Nicolas Sarkozy et le déterminisme génétique

Sans y prendre garde, la candidat Sarkozy vient de lancer au plus mauvais moment pour lui, à deux semaines du premier tour des présidentielles, un sacré pavé dans la mare des libertés et des consciences individuelles.

Au gré d’une interview publiée dans le dernier numéro de Philosophie Magazine de mars 2007, il se fait l’apôtre de théories plus que dérangeantes, selon lesquelles notre environnement, notre éducation et surtout notre libre arbitre seraient de peu de poids face à notre programmation génétique.
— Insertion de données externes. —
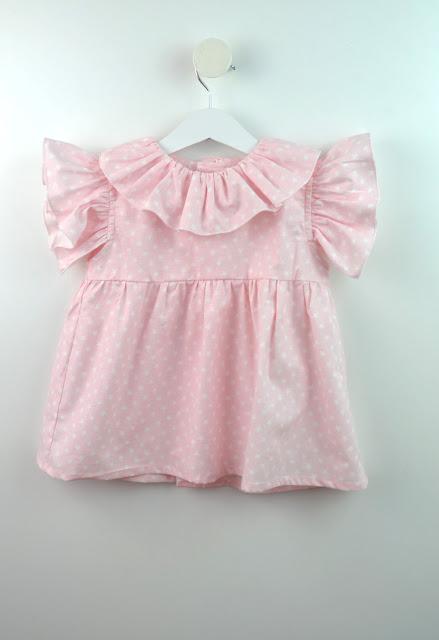 VESTIDOS PARA NIÑAS RELLENITAS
On comprend que depuis cet outing philosophique, tout soit mis en œuvre pour faire cesser la polémique encore modeste qui en résulte.
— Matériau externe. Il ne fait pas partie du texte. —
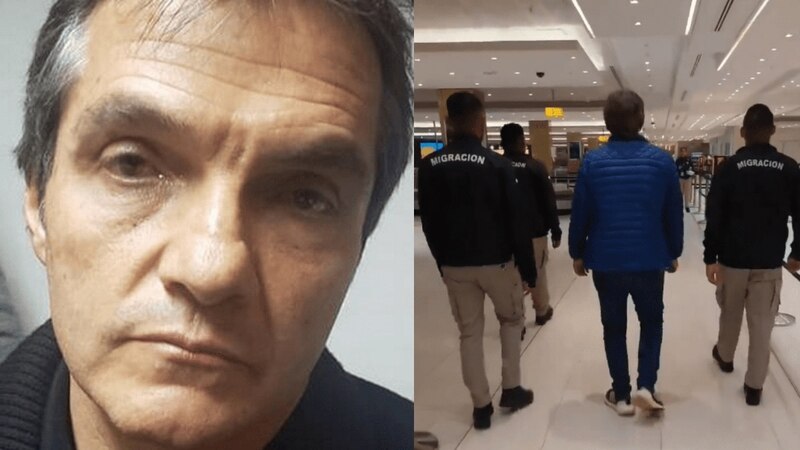 Detienen en el aeropuerto de Ezeiza al exsecretario de Transporte Ricardo Jaime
Six lignes seulement suffisent à circonscrire la pensée sarkozienne :

“J’inclinerais, pour ma part, à penser qu’on naît pédophile, et c’est d’ailleurs un problème que nous ne sachions soigner cette pathologie. Il y a mille deux cents ou mille trois cents jeunes qui se suicident en France chaque année, ce n’est pas parce que leurs parents s’en sont mal occupés ! Mais parce que, génétiquement, ils avaient une fragilité, une douleur préalable. Prenez les fumeurs : certains développent un cancer, d’autres non. Les premiers ont une faiblesse physiologique héréditaire. Les circonstances ne font pas tout, la part de l’inné est immense.”
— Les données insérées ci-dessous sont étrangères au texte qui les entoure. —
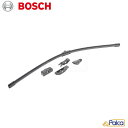 【あす楽】ベンツ/BMW/アウディ フロントワイパーブレード BOSCH Aerotwin 1本 AP26U Aクラス/W169 Bクラス/W246 5シリーズ/F10 F11 G30 X3/F25 A1 S1/GB A3 S3 RS3/8V A6 S6 RS6/4G C7 A6オールロード/4GH 3397006838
La désapprobation finalement la plus vive est venue de l’église catholique elle-même par la voix très autorisée de Mgr André Vingt-Trois, archevêque de Paris au micro de RTL : “Surtout, ce qui me paraît plus grave, c’est l’idée qu’on ne peut pas changer le cours du destin. C’est vrai quand on prend la perspective génétique, mais c’est aussi vrai quand on prend la perspective sociologique”. “Parce que dire que quelqu’un est pré-déterminé par la famille qui l’a entouré, par les conditions dans lesquelles il a vécu, ça veut dire que l’homme est conditionné absolument. Or pour l’église qui a foi en l’Homme, celui-ci est immanquablement libre de son destin.

Les propos de Nicolas Sarkozy ont un retentissement d’autant plus fort que, ces dernières années, la connaissance du génome humain a fait des progrès considérables. De cette connaissance, des applications positives ou négatives peuvent, comme pour toute découverte scientifique, être tirées. Jouer avec la génétique, en la modifiant ou simplement en la révélant, c’est un peu se prendre pour Dieu, en affectant à leurs propriétaires des destins, des comportements, des maladies. Il n’est pas rare d’ailleurs de voir des membres d’une famille touchée par une maladie génétique refuser de se voir révéler s’ils sont porteurs ou non de tel ou tel gène, conscients qu’ils sont de la difficulté de vivre avec une épée de Damoclès au-dessus de la tête. La meilleur réponse apportée au candidat de l’UMP, c’est un généticien, Axel Kahn, qui la donne lorsqu’il répond “qu’il n’y a pas de gène du destin malheureux”.

C’est bien là tout le cœur du débat. Les gènes nous prédisposent mais ne nous condamnent pas. Refuser ce postulat c’est s’ouvrir les portes d’un monde, un enfer, dans lequel la sélection prénatale ne serait que la seule issue.La question est éthique, philosophique et religieuse. La réponse apportée par Nicolas Sarkozy , jugée “glaçante” par François Bayrou, est d’autant plus surprenante qu’il s’était jusqu’à présent montré comme un défenseur des religions. N’avait-il pas déclaré dans son ouvrage de 2004 ( La République, les Religions, l’Espérance) que, “la place des religions dans la France de ce début de troisième millénaire est centrale” ?

Pour Axel Kahn, les choses sont claires : “La vision d’un gène commandant un comportement complexe tel que ceux conduisant à l’agressivité, à la violence, à la délinquance, à la dépression profonde avec dérive suicidaire, est ridicule et fausse”.François Bayrou, candidat centriste porteur de valeurs humanistes et chrétiennes, estime pour sa part, que les déclarations de M. Sarkozy ne peuvent être considérées comme fortuites mais qu’elles relèvent d’une ligne directrice constante. Il rappelle ainsi le projet de loi de ce même Sarkozy sur la prévention de la délinquance de 2006, qui voulait déja instituer chez les jeunes enfants un dépistage précoce des troubles de comportement.